I was not the first arrival on Thursday morning. No Borders, a leftist, activist organization, had inserted eight of their members into “Africa House” to serve as deterrents. After my morning departure the day before, the CRS had apparently come and pulled out 10 more asylum seekers. They had come about 15 minutes after I had said my “goodbyes” and left the squat. Word on the street had it that yet another raid would come on this morn. Two raids in as many days was unusual. Three in as many days, extremely rare.  A plan had been arranged by No Borders. Most of their activists would link arms and block any CRS vans coming down the main and easiest access route to the squat. This, it was hoped, would afford those inside an extra few minutes to scatter and avoid arrest. The other No Borders activists would remain inside to bear witness to any brutalities should they again occur. 

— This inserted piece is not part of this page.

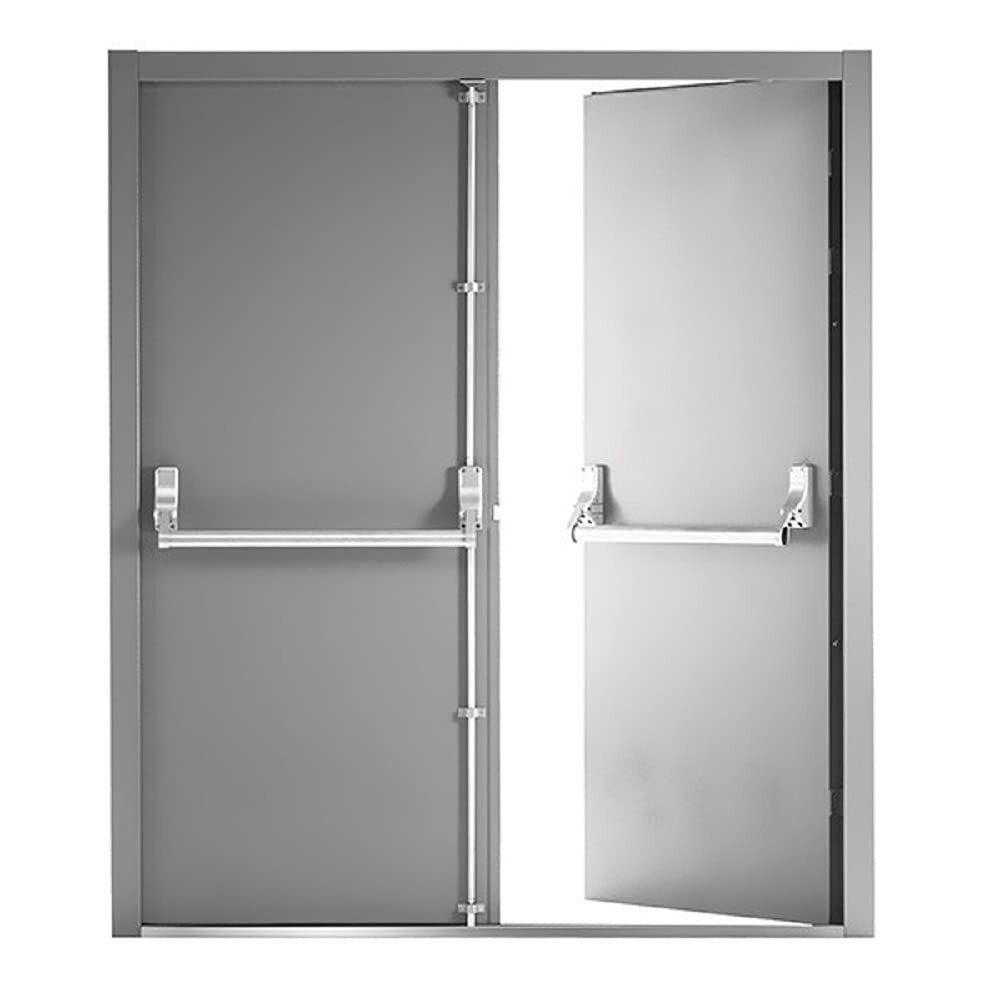 VIZ-PRO Quick Mount Fire Exit Door (Double) with Panic Bar, Gray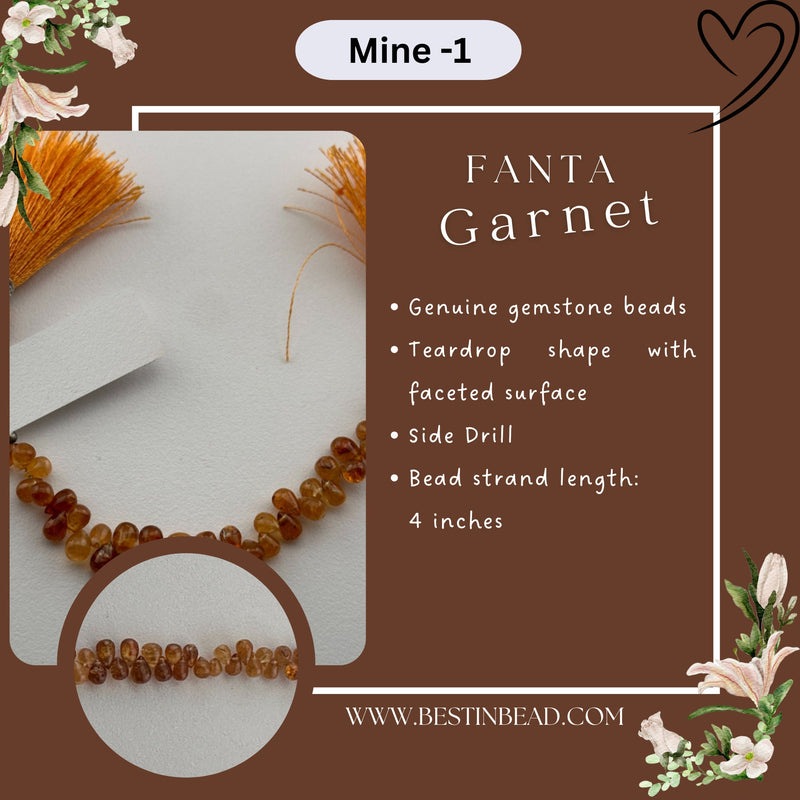 Fanta Garnet Teardrop Bead Strand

With most of the asylum seekers, I exited the squat and headed down the road to join No Borders. As we waited, they discussed the plan and commented on their principles. I listened intently and engaged their conversations. In the span of my years, I have lost the convictions of youth. It was refreshing to be reminded. As we spoke, a white unmarked van turned a distant corner and sped in our direction. Another followed very closely. The No Borders activists took their places and I, mine. A confrontation seemed apparent. As the leading van stopped, the human chain steeled itself. Doors opened and purged the black clad officers who rushed the line. Bodies fell over bodies as the forces collided and, with tear gas and batons drawn, the CRS police easily subdued the activists. Similarly targeted, I was quickly pushed aside, threatened with arrest and escorted away. Despite the seeming brevity of the action, enough time had been gained and most asylum seekers within the squat had managed to escape.  Five were later whisked away in a police van and a relative victory declared. 

As I left the compound and walked through the neighboring sunlit park, I spotted a lone CRS van and the dark faces inside. Two officers were standing outside, one talking on a mobile phone, the other smoking a cigarette. With camera raised, I approached and began to work. The officer with the mobile phone immediately noticed my arrival and met my advance with his barrel chest. He pushed me backwards but I kept advancing claiming my right to be on public property.  We jousted for some time as the other officer looked on humorously. He smiled as he pulled drags from his cigarette and leaned against the front of the van. Our sparring game continued and we moved further and further from the van. As I peered again at the smiling officer, I noticed the rear door of the van open. Before they had noticed, four of the refugees had exited and were now jumping hedges and cutting through the foliage making their way to safety. I let out a roar of laughter as the officers noticed their escape and began to pursue the fleeing migrants. They would not be caught. I declared another victory and returned home. 

After I did not return to the squat later that day, calls would be made to local authorities and to the processing facility at Coquelles. Most of the migrants believed that I had been arrested for my stupidity and Calais was searched for my whereabouts. 

For the first time, I had crossed the line from observer and witness to participant. I may be scolded by the credos of journalism for this lapse but felt it an appropriate response. For six weeks, I had lived with these men, shared in their food, drank their chai and listened to their stories. To them, I had become “Mehadeen.”  For their hospitality and generosity, I felt a debt owed. It is still not settled.